### Required action:
From the line containing "مولتی متر صنعتی فلوک مدل 87V - 5" down to the last line of the entries, print each line exactly and leave the pictures out.

[Data shown]

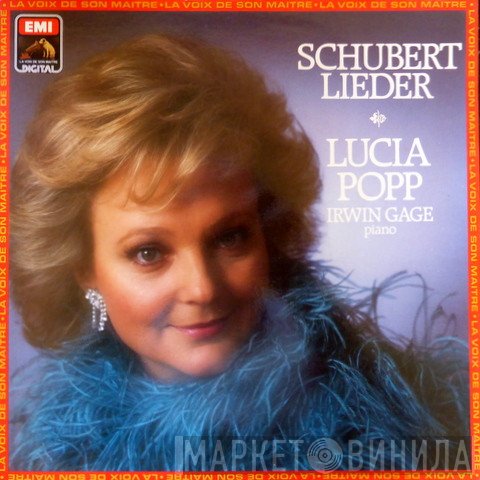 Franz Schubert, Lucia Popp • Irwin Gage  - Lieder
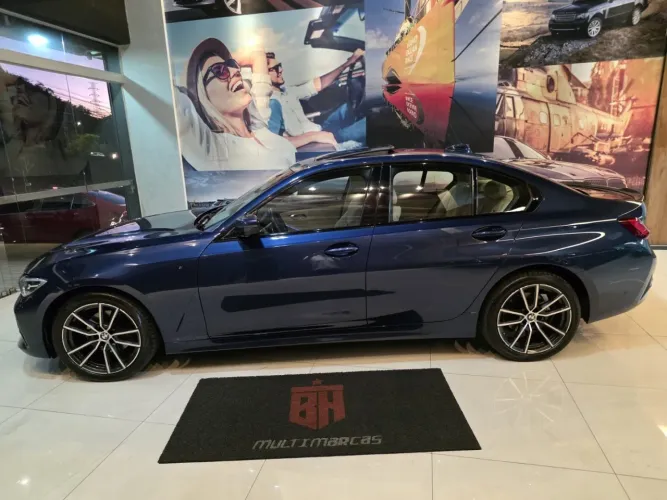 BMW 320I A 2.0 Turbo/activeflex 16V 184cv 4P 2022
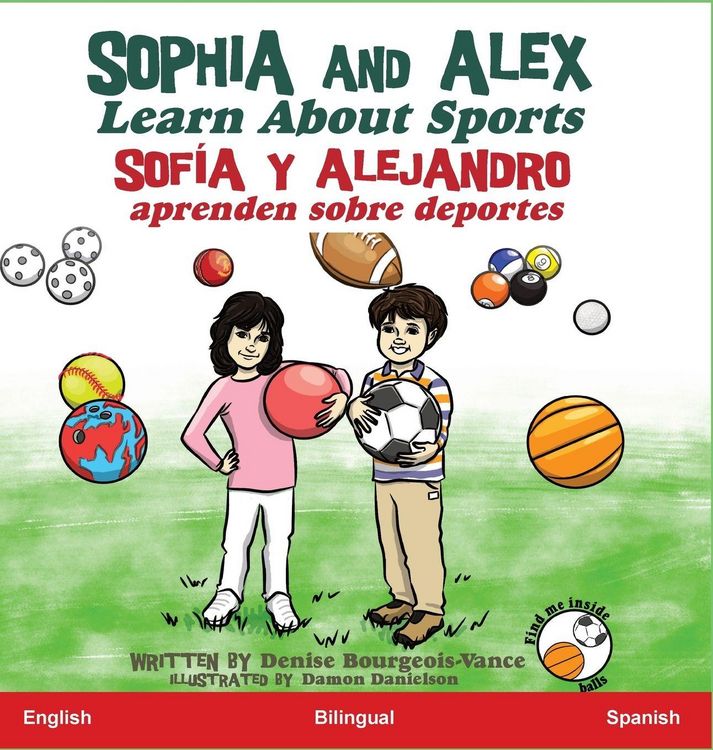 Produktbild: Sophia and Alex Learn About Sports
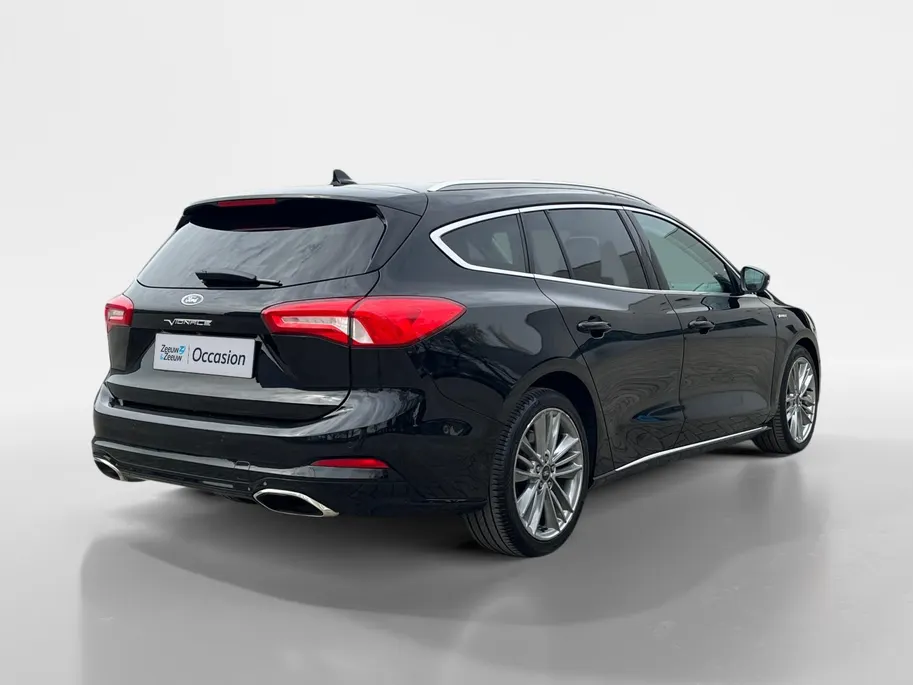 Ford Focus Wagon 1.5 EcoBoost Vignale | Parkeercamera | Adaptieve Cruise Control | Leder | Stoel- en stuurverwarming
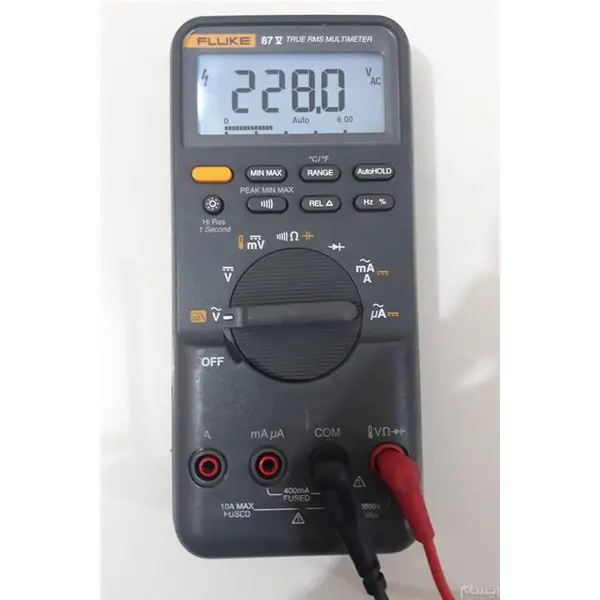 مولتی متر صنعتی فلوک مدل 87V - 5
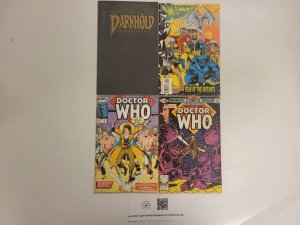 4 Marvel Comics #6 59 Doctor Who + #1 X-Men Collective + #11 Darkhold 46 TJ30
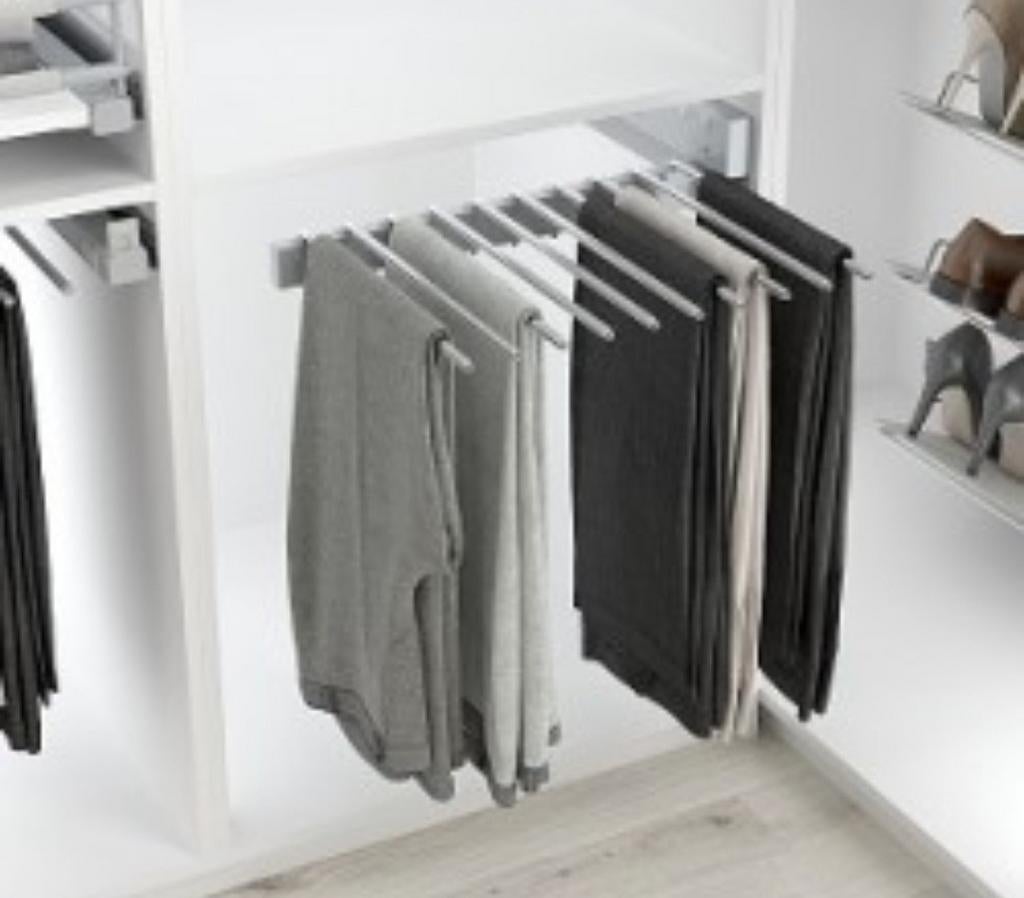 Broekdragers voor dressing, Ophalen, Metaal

[/Data shown]

### Answer section:
 مولتی متر صنعتی فلوک مدل 87V - 5
 4 Marvel Comics #6 59 Doctor Who + #1 X-Men Collective + #11 Darkhold 46 TJ30
 Broekdragers voor dressing, Ophalen, Metaal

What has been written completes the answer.